Only the twelve men and women on the jury that convicted Jason Van Dyke of 2nd-degree murder will know what motivated their decision. The shooting death of Laquan McDonald and the subsequent release of dashcam video showing the incident has further widened the gap between Chicago police and the people they serve.
There have already been plenty of protests as well as political repercussions. Police Superintendent Garry McCarthy was fired shortly after the video was released. Mayor Rahm Emanuel went from being a rising superstar for the Democrats to choosing not to run for reelection. Cook County State’s Attorney Anita Alvarez was voted out of office.
One thing is certain. Had the jury not convicted Van Dyke, Chicago would be a huge riot zone today. Property would be burning. Fights would be breaking out.

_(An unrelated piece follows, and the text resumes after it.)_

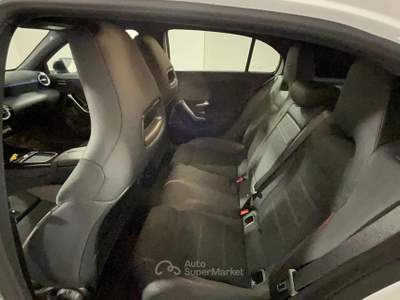 Mercedes-Benz Classe A MERCE A 180 AMG LINE 136CV AUTO A 180 AMG Line 136cv auto Bianco usata Roma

Guns would be used in a city that’s not supposed to have guns. It would be chaos unlike anything the city has seen in decades.

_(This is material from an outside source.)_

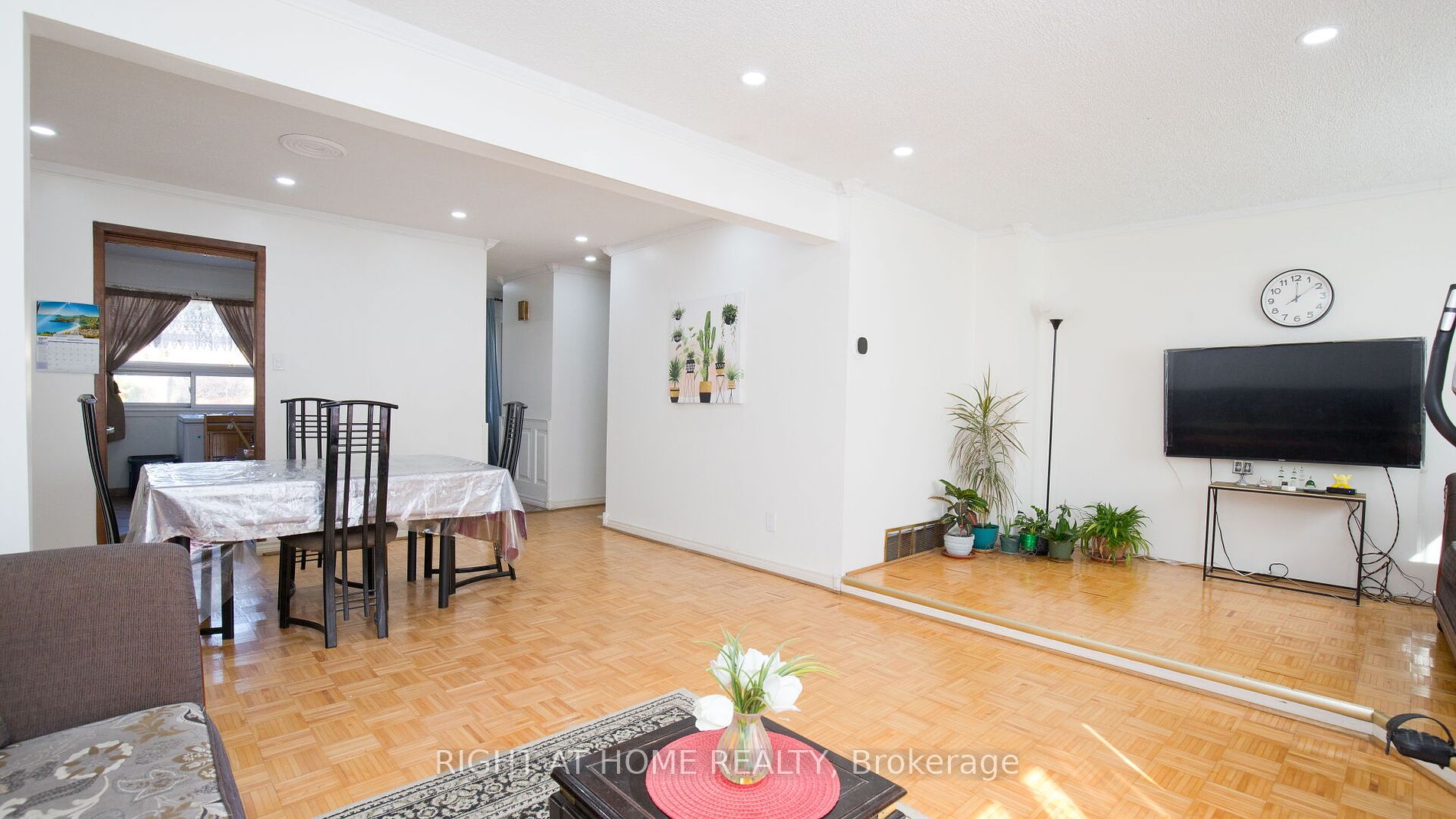 1180 Mississauga Valley Boulevard #4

Did the jury convict to save Chicago?
The two pieces of evidence that made conviction easy were the attempted police coverup of the events and the dashcam video. The coverup will lead to more trials, keeping the wounds from the shooting open in Chicago for a while. But the video was likely all that was needed for jurists to justify their decision.
Here’s the incident itself. Warning: It is graphic.
This appears to be a situation where use of non-lethal force such as a stun gun would seem appropriate. The knife-wielding McDonald was clearly dangerous. He was energized by a false sense of invulnerability by the PCP coursing through his veins. Walking in the middle of the street in a threatening manner meant that he needed to be taken down.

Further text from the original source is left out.